Mit dieser Situation, finde ich, können wir dreigleisig umgehen. Erstens, indem wir unsere Gruppen für Neue öffnen. Das meint nicht nur, dass Leute prob­lem­los zu Plena kommen können, son­dern dass wir uns auch Zeit nehmen, uns um sie zu kümmern, ihnen Sachen erklären und uns auf Diskussionen einlassen. Die GG/BO-Soligruppe hat beispielsweise ein monatliches Briefe­schreiben, die FAU eine wöchentliche Sprechstunde, Pekari ein wöchentliches Info-Café, über das AIBJ werden Infos verbreitet und Debatten zugänglich gemacht usw. Zweitens, indem wir die Älteren bei Stange halten. Die Plena der FAU z.B. finden einmel im Monat am Sonntag statt, das ABC hat mal ein Soli-Brunch (und keine Soli-Party bis in die Puppen) organisiert. So wird es Leuten, die arbeiten gehen oder Kinder haben, möglich gemacht, weiterhin teil­zu­neh­men.
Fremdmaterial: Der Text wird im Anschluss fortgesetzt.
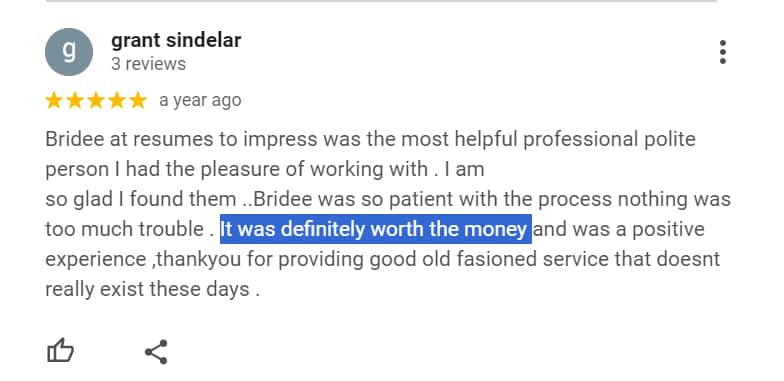 image of a customer review for our resume writers cairns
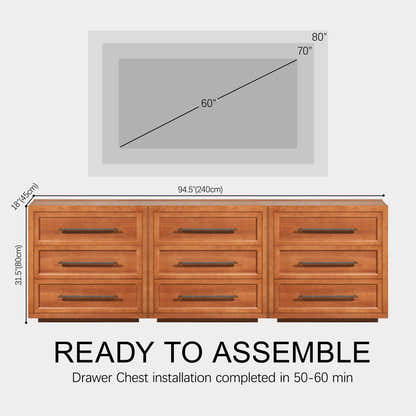 Alvar 95″ Oak 9-Drawer Chest(Set of 3)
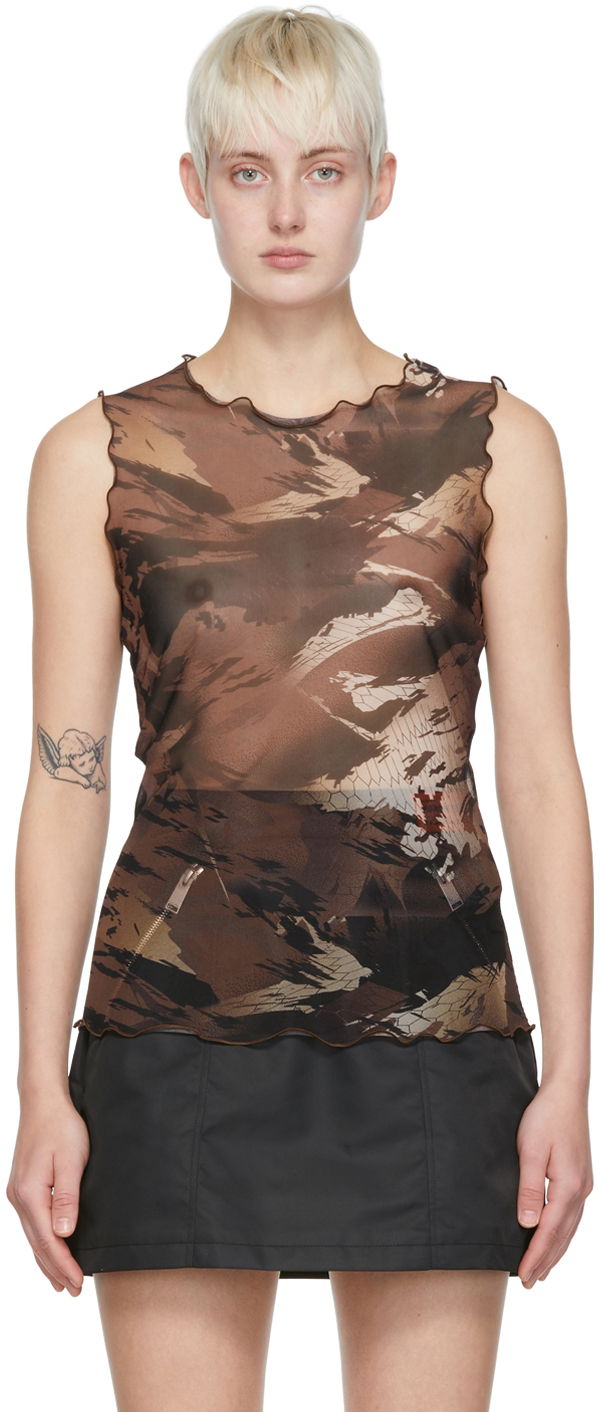 Безрукавка HERON PRESTON Printed Nylon Tank Top Коричневий | HWAC003S22FAB0026400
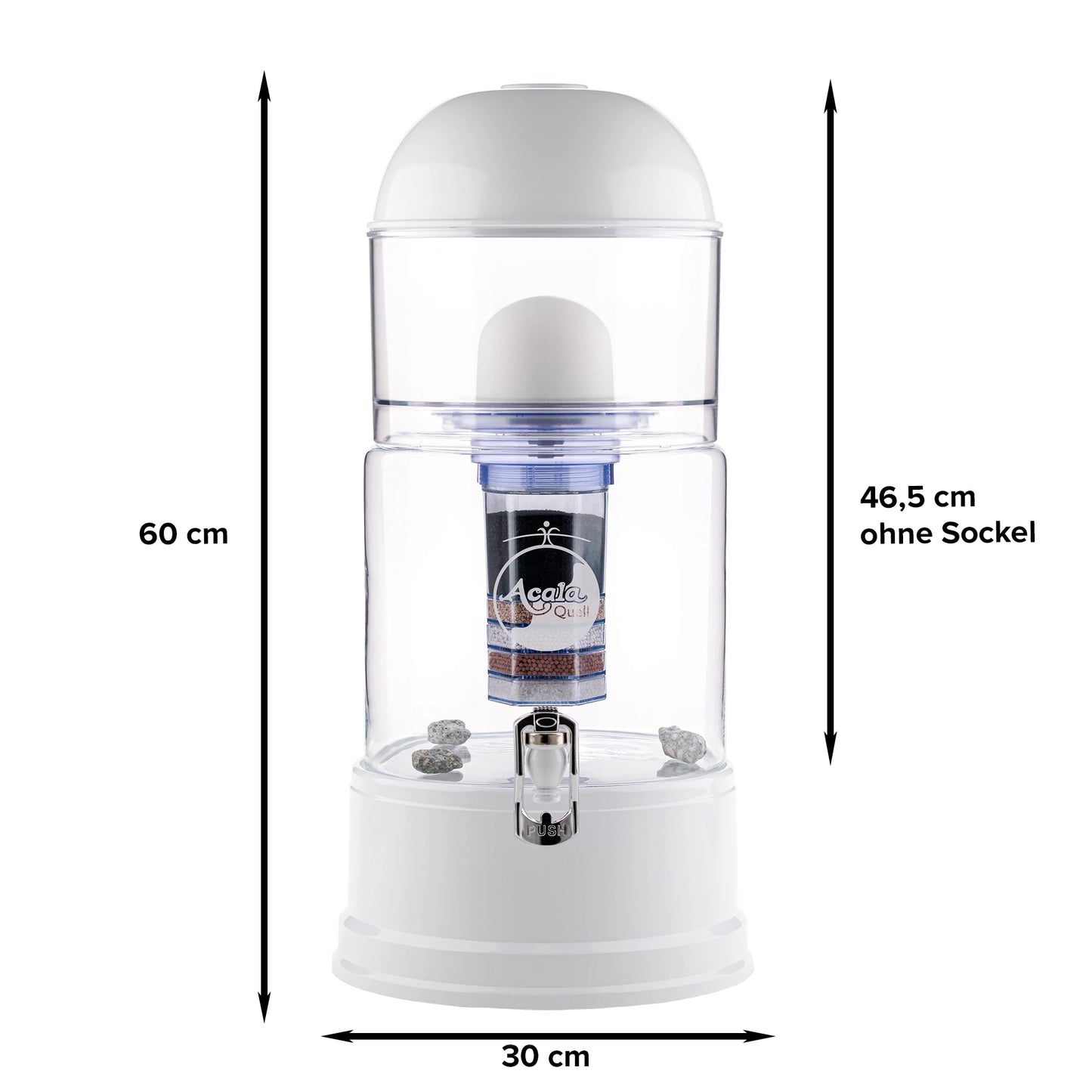 AcalaQuell® Luna kristallklar | weiß | 8 Liter für 1-4 Personen | verschiedene Optionen | Einsteigerset klein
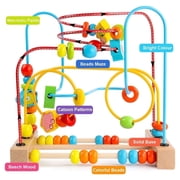 Timy Wooden First Bead Maze Roller Coaster Cute Educational Circle Toy for Toddlers Babies 3-6 Years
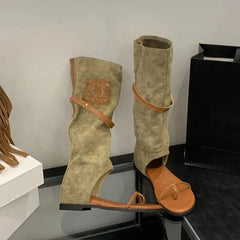 Black Flat Sandals Boots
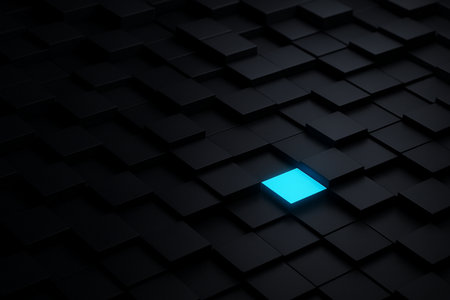 AI generated minimal dark grid with one bright blue square symbolizing focus contrast clarity and creative individuality in a calm modern abstract styleの素材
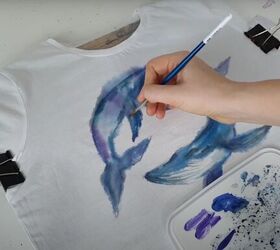 how to paint watercolor designs on a shirt creating art on clothes, Painting watercolor on a shirt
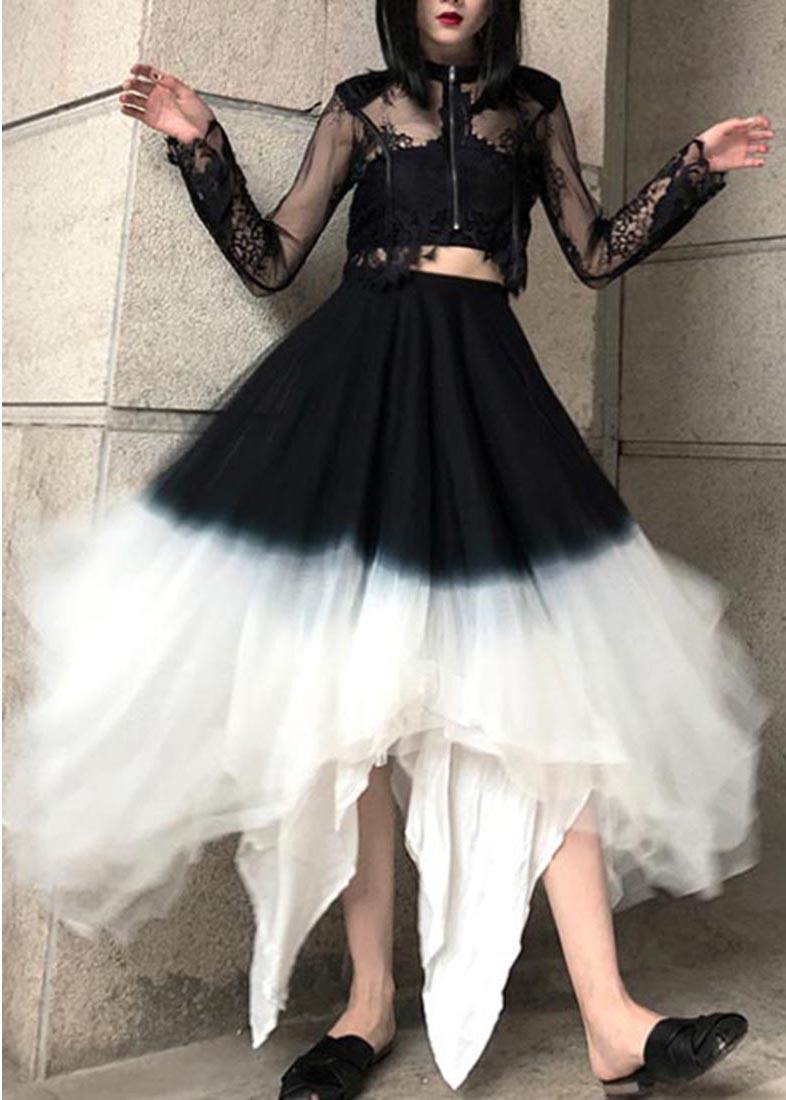 Art Black White Color block tulle Patchwork Skirts Summer - SooLinen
Und natürlich sollten Themen, die Leute jenseits der 30 einfach beschäftigen, wie Arbeit, Elternschaft und Mietstress, mehr besprochen und angegangen werden. Drittens, indem wir uns regional ver­net­zen und mehr mit den Nachbarstädten zusammen­ar­bei­ten, um so Hin- und Her­züge besser stemmen zu können. In Eisenberg und Gera gibt es z.B. wöchent­liche Voküs, in der letzten Zeit haben in Leipzig, Dresden und Weimar anarchistische Veran­stal­tungs­reihen bzw. eine Buch­messe statt­ge­funden. Alles Gelegen­hei­ten, sich bes­ser kennen und vertrauen zu lernen.